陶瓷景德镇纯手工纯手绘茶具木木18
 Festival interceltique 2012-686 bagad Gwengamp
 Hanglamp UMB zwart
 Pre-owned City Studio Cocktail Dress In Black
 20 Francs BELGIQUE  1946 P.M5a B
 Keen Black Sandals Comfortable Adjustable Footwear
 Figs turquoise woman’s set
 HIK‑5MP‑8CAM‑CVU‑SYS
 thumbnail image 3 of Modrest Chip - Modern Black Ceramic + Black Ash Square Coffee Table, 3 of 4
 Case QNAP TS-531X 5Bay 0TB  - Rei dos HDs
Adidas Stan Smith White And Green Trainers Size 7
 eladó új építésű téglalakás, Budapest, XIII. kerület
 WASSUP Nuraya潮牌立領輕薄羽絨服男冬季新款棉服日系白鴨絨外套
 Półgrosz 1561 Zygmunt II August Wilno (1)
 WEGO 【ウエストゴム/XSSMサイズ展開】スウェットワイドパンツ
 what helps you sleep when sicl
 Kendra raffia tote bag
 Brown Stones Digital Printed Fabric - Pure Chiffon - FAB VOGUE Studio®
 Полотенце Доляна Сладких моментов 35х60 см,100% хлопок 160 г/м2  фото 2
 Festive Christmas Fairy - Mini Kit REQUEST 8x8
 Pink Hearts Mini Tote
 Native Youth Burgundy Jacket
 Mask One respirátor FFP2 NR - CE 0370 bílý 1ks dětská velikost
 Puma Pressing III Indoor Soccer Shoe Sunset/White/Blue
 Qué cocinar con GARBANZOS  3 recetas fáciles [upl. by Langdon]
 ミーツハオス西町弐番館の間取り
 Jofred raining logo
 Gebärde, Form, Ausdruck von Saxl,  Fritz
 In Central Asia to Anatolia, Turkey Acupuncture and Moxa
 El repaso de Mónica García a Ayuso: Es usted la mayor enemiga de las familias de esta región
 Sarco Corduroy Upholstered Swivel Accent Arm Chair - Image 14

> [Work to be completed]
Take the line holding "Brown Stones Digital" and all lines after it through the end of the data, and set them down exactly.

> [Result below]
 Brown Stones Digital Printed Fabric - Pure Chiffon - FAB VOGUE Studio®
 Полотенце Доляна Сладких моментов 35х60 см,100% хлопок 160 г/м2  фото 2
 Festive Christmas Fairy - Mini Kit REQUEST 8x8
 Pink Hearts Mini Tote
 Native Youth Burgundy Jacket
 Mask One respirátor FFP2 NR - CE 0370 bílý 1ks dětská velikost
 Puma Pressing III Indoor Soccer Shoe Sunset/White/Blue
 Qué cocinar con GARBANZOS  3 recetas fáciles [upl. by Langdon]
 ミーツハオス西町弐番館の間取り
 Jofred raining logo
 Gebärde, Form, Ausdruck von Saxl,  Fritz
 In Central Asia to Anatolia, Turkey Acupuncture and Moxa
 El repaso de Mónica García a Ayuso: Es usted la mayor enemiga de las familias de esta región
 Sarco Corduroy Upholstered Swivel Accent Arm Chair - Image 14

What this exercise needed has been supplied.